The subsectors that are generally more concentrated have grown their share of available profits, even if only modestly. For example, the top three U.S. drug wholesalers are very concentrated and have grown their share of sector profits from 88% to 92% between 2016 and 2018. By contrast, the brand and generic drug manufacturer segments are less concentrated, with the top three branded drug companies representing 30% of subsector profits and generic drug manufacturers representing only 22%. However, brand and generic manufacturers still comprise more than 60% of the industry’s overall profits.
As the industry’s profits have shrunk over the past two years, concentration has generally increased (see figure 2). This makes sense. As profitability falls, companies — especially the best-capitalized companies — look to quickly scale their efficiencies with horizontal integration and reduced transaction costs while using vertical integration to embrace innovative business models (see figure 3).

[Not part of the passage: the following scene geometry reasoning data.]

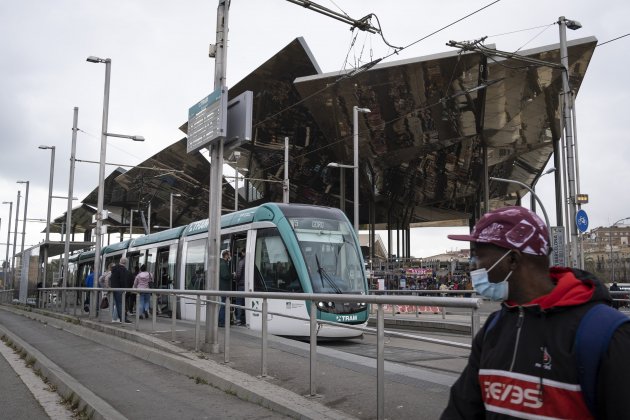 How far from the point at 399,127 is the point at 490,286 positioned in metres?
31.8

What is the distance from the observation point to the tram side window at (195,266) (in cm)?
1595

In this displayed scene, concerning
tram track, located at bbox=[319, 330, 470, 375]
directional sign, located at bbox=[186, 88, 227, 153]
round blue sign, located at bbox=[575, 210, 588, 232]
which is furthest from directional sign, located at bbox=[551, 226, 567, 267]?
tram track, located at bbox=[319, 330, 470, 375]

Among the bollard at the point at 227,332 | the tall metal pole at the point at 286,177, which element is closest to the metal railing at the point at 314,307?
the bollard at the point at 227,332

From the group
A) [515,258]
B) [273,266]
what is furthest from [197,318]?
[515,258]

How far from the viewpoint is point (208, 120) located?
31.4 ft

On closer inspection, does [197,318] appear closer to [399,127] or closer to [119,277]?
[119,277]

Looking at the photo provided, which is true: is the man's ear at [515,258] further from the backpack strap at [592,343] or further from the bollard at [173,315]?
the bollard at [173,315]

Four trends explain most of these profitability changes. The first is mergers and acquisitions. Although this has helped payers and PBMs, it has hurt manufacturers as a result of bigger drug buyers imposing their purchasing scale on fragmented manufacturers.
Second, price and volume trends are affecting the profitability of particular segments. These trends have a few characteristics. Generic drug deflation has had significant benefits for patients, even if unit costs for these drugs have fallen 5% to 10% a year — severely hurting generic drug makers’ profits. At the same time, the generic dispensing rate continues to rise, shifting unit volume from brand drugs to generics. Broadly, this has helped patients, payers, PBMs, pharmacies and generic drug makers, but has hurt the traditional branded manufacturers as long-dominant brands have gone off patent.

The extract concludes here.